▸ GIVEN DATA:
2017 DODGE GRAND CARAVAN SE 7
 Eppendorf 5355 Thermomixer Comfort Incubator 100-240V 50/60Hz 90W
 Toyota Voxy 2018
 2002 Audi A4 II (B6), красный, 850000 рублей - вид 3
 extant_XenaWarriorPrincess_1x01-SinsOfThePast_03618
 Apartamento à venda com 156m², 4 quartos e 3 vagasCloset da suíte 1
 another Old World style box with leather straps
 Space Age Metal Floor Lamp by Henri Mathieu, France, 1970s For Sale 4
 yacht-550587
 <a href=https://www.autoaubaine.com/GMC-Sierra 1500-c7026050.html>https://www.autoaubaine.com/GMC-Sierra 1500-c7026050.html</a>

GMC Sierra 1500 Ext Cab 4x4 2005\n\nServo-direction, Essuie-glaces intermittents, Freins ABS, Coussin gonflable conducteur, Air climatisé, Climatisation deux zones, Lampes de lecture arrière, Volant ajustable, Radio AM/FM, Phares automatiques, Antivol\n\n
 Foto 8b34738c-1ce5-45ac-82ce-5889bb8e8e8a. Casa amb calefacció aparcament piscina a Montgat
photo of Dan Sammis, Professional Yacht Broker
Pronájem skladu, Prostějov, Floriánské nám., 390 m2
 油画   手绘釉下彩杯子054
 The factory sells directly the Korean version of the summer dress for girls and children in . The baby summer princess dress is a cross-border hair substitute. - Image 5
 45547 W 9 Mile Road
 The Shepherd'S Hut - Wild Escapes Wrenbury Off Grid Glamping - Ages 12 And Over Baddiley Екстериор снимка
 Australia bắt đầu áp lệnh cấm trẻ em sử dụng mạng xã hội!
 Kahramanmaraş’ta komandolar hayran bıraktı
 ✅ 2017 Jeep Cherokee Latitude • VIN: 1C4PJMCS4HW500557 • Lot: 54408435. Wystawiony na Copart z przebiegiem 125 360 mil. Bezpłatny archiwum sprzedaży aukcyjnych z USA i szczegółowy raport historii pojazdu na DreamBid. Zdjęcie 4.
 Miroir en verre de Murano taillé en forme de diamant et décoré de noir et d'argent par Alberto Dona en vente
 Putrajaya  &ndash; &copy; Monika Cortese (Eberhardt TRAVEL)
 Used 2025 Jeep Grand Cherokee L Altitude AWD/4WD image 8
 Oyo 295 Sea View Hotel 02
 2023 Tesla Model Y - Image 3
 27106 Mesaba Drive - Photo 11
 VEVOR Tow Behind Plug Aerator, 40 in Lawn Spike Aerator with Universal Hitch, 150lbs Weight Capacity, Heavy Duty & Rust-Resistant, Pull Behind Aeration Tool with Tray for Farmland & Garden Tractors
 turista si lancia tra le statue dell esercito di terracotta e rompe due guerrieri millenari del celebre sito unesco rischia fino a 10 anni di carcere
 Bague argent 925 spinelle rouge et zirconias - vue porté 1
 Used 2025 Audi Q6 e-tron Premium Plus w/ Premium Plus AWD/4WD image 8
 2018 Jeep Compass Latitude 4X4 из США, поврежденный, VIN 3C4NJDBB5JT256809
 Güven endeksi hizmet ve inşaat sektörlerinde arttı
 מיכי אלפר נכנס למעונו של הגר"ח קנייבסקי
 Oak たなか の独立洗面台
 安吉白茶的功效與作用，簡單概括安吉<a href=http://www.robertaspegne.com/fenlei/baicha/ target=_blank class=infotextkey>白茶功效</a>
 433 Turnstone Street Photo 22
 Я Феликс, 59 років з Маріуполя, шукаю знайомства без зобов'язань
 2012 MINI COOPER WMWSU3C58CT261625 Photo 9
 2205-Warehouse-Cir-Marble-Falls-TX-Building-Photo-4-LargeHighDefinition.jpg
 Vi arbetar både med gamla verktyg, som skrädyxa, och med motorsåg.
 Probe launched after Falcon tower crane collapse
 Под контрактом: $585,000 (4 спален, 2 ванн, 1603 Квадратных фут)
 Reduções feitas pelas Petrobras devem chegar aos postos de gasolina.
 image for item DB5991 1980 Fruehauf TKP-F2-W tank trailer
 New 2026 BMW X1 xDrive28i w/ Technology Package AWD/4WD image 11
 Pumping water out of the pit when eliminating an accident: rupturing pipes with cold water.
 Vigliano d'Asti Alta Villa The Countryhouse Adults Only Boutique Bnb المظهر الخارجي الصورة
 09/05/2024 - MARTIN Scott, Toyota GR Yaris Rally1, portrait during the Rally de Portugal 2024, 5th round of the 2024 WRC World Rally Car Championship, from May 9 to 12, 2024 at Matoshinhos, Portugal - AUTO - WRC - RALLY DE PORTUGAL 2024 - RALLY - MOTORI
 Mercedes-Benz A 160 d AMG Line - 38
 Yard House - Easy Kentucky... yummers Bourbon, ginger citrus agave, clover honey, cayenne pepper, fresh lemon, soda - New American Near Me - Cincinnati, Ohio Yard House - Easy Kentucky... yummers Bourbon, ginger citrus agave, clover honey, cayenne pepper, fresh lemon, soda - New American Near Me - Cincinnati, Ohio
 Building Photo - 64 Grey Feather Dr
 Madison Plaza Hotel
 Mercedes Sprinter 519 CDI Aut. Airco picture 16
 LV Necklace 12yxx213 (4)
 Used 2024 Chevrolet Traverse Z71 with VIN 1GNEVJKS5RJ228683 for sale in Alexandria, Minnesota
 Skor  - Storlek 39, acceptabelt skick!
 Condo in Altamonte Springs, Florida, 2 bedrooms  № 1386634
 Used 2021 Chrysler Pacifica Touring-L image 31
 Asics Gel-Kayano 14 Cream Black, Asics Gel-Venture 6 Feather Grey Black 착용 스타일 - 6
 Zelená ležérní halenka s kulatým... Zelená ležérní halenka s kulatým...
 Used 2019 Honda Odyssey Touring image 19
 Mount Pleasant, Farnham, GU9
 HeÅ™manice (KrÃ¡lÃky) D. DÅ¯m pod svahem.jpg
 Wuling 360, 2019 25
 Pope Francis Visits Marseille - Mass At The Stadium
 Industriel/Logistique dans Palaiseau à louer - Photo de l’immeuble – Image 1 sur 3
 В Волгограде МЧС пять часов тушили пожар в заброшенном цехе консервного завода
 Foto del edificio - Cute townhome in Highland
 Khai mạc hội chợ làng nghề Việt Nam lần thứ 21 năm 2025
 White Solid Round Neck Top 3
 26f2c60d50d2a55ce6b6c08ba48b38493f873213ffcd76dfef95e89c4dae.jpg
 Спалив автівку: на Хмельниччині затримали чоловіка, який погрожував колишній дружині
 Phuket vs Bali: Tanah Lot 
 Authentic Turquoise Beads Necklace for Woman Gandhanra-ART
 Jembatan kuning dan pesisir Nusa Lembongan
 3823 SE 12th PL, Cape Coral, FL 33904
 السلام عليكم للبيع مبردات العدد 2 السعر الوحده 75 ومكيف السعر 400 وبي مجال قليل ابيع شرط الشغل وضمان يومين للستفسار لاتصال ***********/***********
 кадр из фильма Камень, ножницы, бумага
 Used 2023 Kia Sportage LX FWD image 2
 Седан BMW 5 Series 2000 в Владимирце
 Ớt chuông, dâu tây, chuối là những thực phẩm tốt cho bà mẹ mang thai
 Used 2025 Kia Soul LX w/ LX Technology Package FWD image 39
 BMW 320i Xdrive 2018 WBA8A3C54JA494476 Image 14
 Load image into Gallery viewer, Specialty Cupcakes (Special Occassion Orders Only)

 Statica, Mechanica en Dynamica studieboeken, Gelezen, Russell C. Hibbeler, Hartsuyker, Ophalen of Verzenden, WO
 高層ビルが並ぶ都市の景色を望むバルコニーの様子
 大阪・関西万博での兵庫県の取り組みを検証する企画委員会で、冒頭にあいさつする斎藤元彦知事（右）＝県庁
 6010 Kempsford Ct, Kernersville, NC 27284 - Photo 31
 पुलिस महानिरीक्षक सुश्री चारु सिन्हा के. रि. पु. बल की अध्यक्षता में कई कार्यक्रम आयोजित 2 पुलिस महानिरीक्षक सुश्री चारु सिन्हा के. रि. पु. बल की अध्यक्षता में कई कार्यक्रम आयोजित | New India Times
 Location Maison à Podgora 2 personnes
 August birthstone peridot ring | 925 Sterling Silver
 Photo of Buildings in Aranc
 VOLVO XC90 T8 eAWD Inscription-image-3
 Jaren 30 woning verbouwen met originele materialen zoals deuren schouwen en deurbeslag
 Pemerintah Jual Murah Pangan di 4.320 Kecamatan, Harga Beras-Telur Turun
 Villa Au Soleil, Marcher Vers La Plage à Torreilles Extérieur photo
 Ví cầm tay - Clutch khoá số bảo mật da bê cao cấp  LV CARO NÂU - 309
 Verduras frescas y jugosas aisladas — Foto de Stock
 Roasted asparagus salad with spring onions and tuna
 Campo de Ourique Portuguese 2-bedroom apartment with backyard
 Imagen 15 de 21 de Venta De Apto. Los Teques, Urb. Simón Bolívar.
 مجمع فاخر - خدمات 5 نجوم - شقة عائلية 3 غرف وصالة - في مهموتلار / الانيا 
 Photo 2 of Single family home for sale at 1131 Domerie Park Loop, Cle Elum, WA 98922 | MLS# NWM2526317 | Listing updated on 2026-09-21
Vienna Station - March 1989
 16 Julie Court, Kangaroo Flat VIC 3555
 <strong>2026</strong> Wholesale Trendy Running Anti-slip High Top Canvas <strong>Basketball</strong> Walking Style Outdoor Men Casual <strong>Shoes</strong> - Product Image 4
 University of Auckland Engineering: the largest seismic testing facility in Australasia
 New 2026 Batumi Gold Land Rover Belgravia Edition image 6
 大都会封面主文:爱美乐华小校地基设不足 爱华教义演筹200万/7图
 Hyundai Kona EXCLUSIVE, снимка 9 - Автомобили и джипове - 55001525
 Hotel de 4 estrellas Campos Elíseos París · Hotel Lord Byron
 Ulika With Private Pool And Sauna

▸ WHAT THE TASK ASKS: Retype the records above, but only those lines that fall between the line containing "HeÅ™manice (KrÃ¡lÃky) D. DÅ¯m pod svahem.jpg" and the line containing "高層ビルが並ぶ都市の景色を望むバルコニーの様子", with both of those lines included, exactly as written.

▸ RESPONSE TO THE TASK:
 HeÅ™manice (KrÃ¡lÃky) D. DÅ¯m pod svahem.jpg
 Wuling 360, 2019 25
 Pope Francis Visits Marseille - Mass At The Stadium
 Industriel/Logistique dans Palaiseau à louer - Photo de l’immeuble – Image 1 sur 3
 В Волгограде МЧС пять часов тушили пожар в заброшенном цехе консервного завода
 Foto del edificio - Cute townhome in Highland
 Khai mạc hội chợ làng nghề Việt Nam lần thứ 21 năm 2025
 White Solid Round Neck Top 3
 26f2c60d50d2a55ce6b6c08ba48b38493f873213ffcd76dfef95e89c4dae.jpg
 Спалив автівку: на Хмельниччині затримали чоловіка, який погрожував колишній дружині
 Phuket vs Bali: Tanah Lot 
 Authentic Turquoise Beads Necklace for Woman Gandhanra-ART
 Jembatan kuning dan pesisir Nusa Lembongan
 3823 SE 12th PL, Cape Coral, FL 33904
 السلام عليكم للبيع مبردات العدد 2 السعر الوحده 75 ومكيف السعر 400 وبي مجال قليل ابيع شرط الشغل وضمان يومين للستفسار لاتصال ***********/***********
 кадр из фильма Камень, ножницы, бумага
 Used 2023 Kia Sportage LX FWD image 2
 Седан BMW 5 Series 2000 в Владимирце
 Ớt chuông, dâu tây, chuối là những thực phẩm tốt cho bà mẹ mang thai
 Used 2025 Kia Soul LX w/ LX Technology Package FWD image 39
 BMW 320i Xdrive 2018 WBA8A3C54JA494476 Image 14
 Load image into Gallery viewer, Specialty Cupcakes (Special Occassion Orders Only)

 Statica, Mechanica en Dynamica studieboeken, Gelezen, Russell C. Hibbeler, Hartsuyker, Ophalen of Verzenden, WO
 高層ビルが並ぶ都市の景色を望むバルコニーの様子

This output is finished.